Rootly is an all-in-one platform that streamlines collaboration, communication, and learning. It automates away manual toil engineers suffer through today and captures data-driven insights. With Rootly, companies accelerate their incident resolution and learn how to prevent them in the future.
Teams depend on Rootly to improve their reliability:
- Collaborate: Seamlessly handoff alerts from PagerDuty to quickly declare incidents from your tool of choice like Slack. Automatically involve all the right teams in seconds, not minutes. Beyond just engineering but loop in legal, support, and sales. With intelligent workflows, no more wondering what team owns which service or who should be responsible for what. Rootly does the heavy lifting for you.
- Communicate: Build your incident timeline through Web or Slack. Autolink war rooms with our Zoom & Google Meet integrations. Rich and customizable private and public status pages ensure everyone is updated while you focus on what you do best, fighting fires.
- Remediate: Enrich your timeline with automated Genius workflows. Fetch relevant information as recent git commits of your impacted services. Customize your workflows based on any incident condition.

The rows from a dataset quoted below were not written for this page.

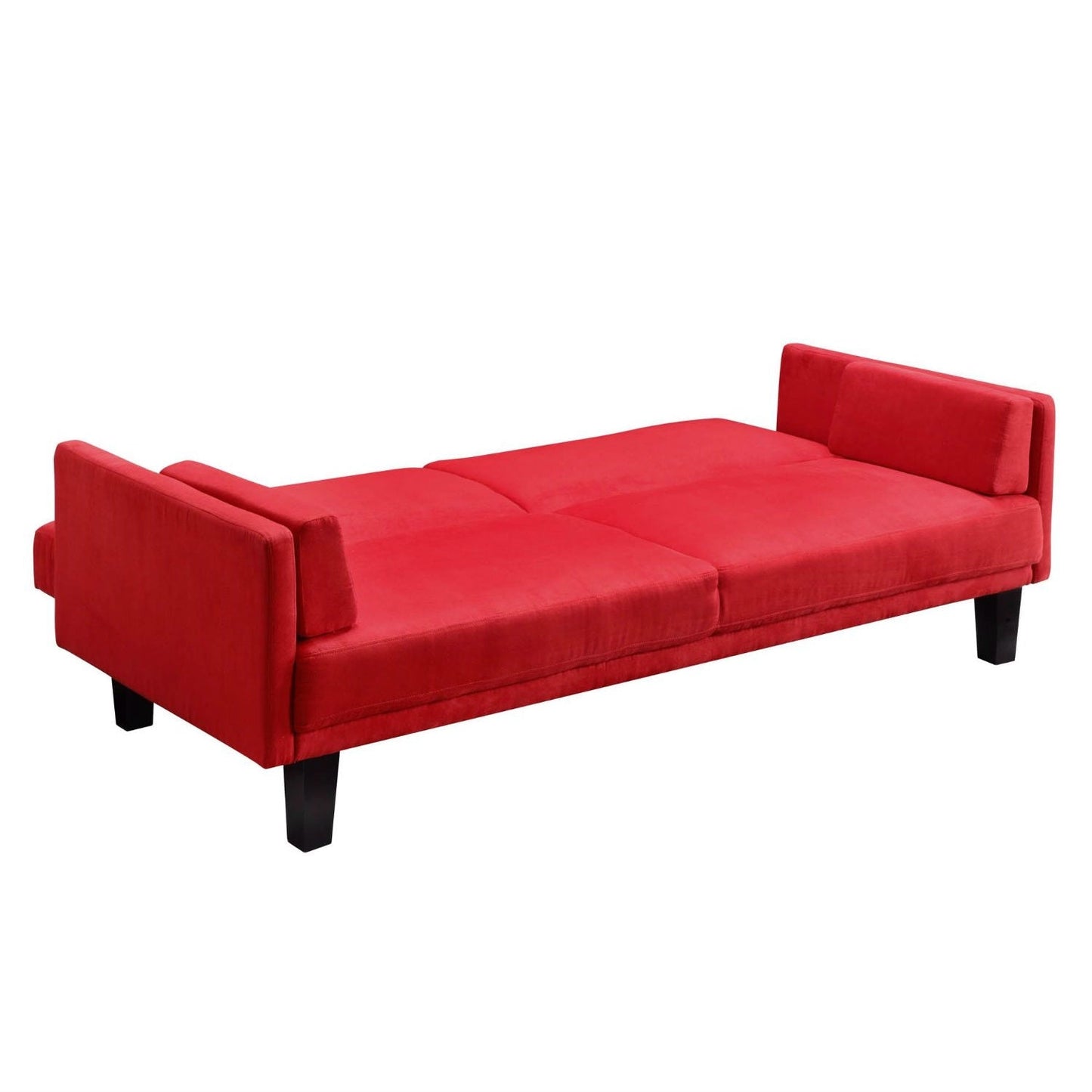 Contemporary Mid-Century Style Sofa Bed in Red Microfiber Upholstery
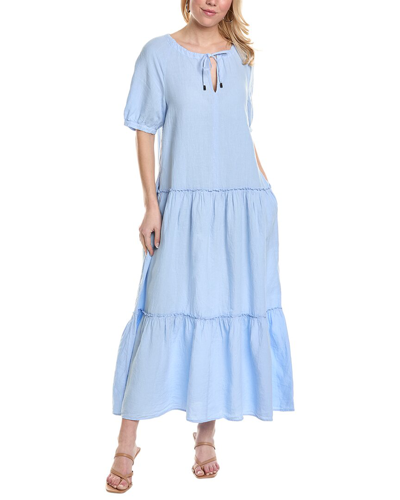 Shop Peserico Linen Maxi Dress In Blue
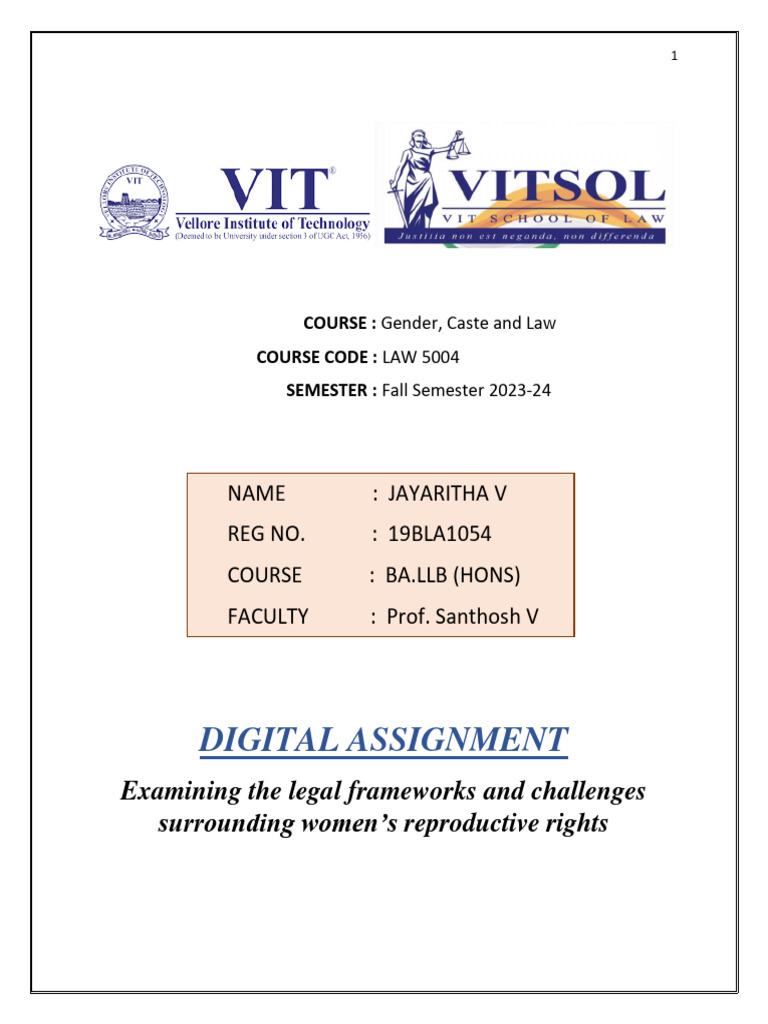 Women's Reproductive Rights: Legal Analysis | PDF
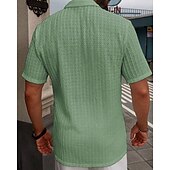 economico camicia da uomo con bottoni-Per uomo Camicia Camicia Estiva Camicia casual Camicia da Spiaggia Camicia con Bottoni Marrone Scuro Nero Bianco Verde chiaro Blu Manica Corta Semplice Bavero Vacanza Camicia hawaiana Abbigliamento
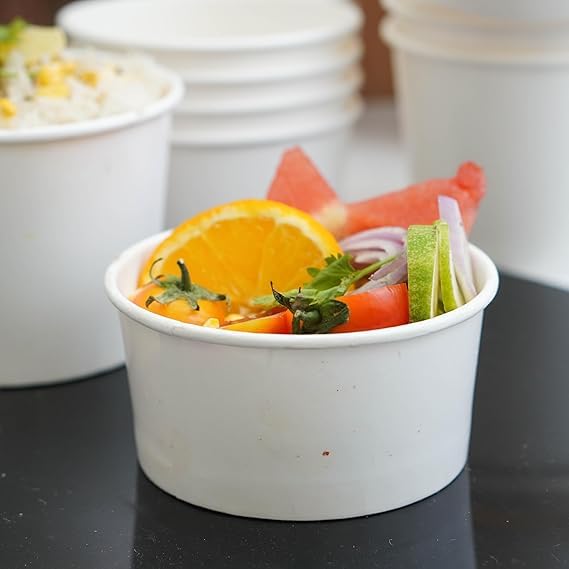 SANWALSA [200 ml, 15 Count, White Disposable Bagasse Paper Container with Lid | Eco-Friendly Bowl/Tub for Picnic, Travel, Food Truck | Ideal for Both Hot & Cold Food - Image 5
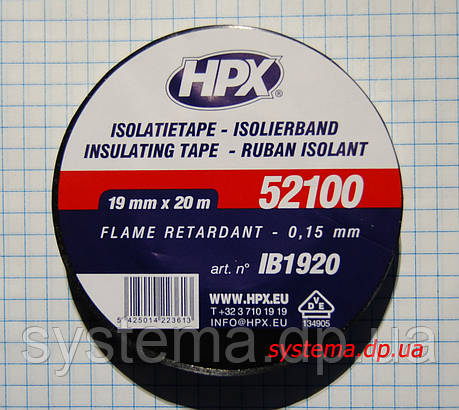 ІЗОЛЯЦІЙНА СТРІЧКА HPX 52100 ПВХ, вогнетривка, 19,0х0,15 мм, рулон 20м, чорний, фото 2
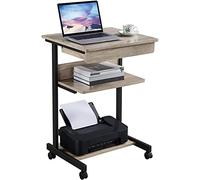 Yaheetech Table Informatique Bureau d'Ordinateur Portable Roulant Poste de Travail 56 x 51 x 79 cm Gris avec 1 Tiroir et 2 Etagères Gris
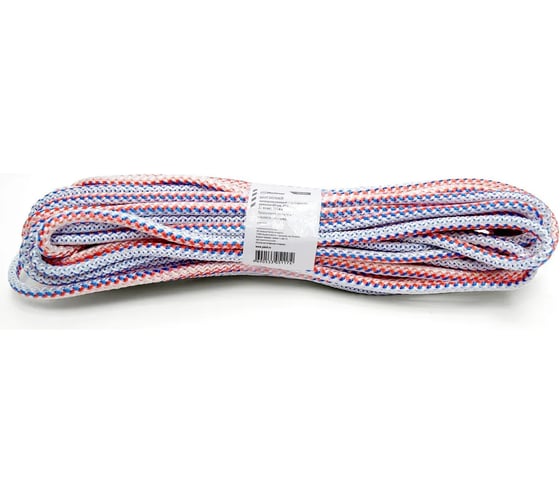 Изображение товара Вязаный полипропиленовый шнур с сердечником Политех цветной, диаметр 8 мм, 20 м, 23 ктекс, 140 кгс 8001081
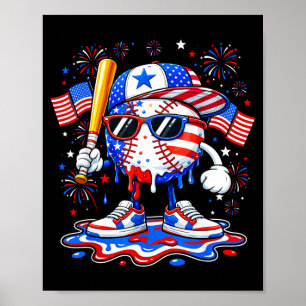 Póster Drip de béisbol bandera estadounidense niños 4 de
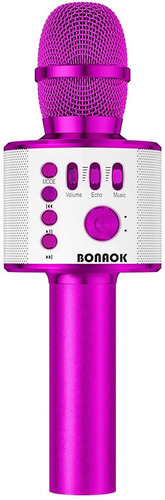 Microfono Inalambrico Bluetooth Wireless Bonaok. Violeta.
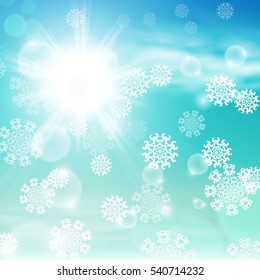 Winter sunny day background. EPS10 vector.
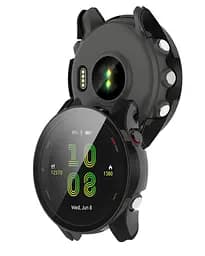 Чохол-накладка DK Пластик Gloss Скло Full Cover для Garmin Forerunner 255/255 Music 015821 Black - мініатюра 3
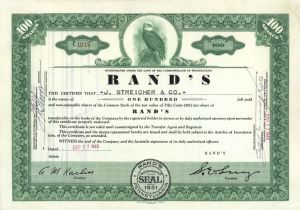 Rand's - 1946 dated Stock Certificate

- Retrospective: Learn from incidents with beautiful postmortems engineers want to write without the manual toil of copy and pasting. Accurately replay past incidents to help simulate real world disaster scenarios to train engineers faster and keep their tools sharp. Organized and easily shared, not buried in a Google Doc that can’t be found.
All-in-one incident response platform for humans.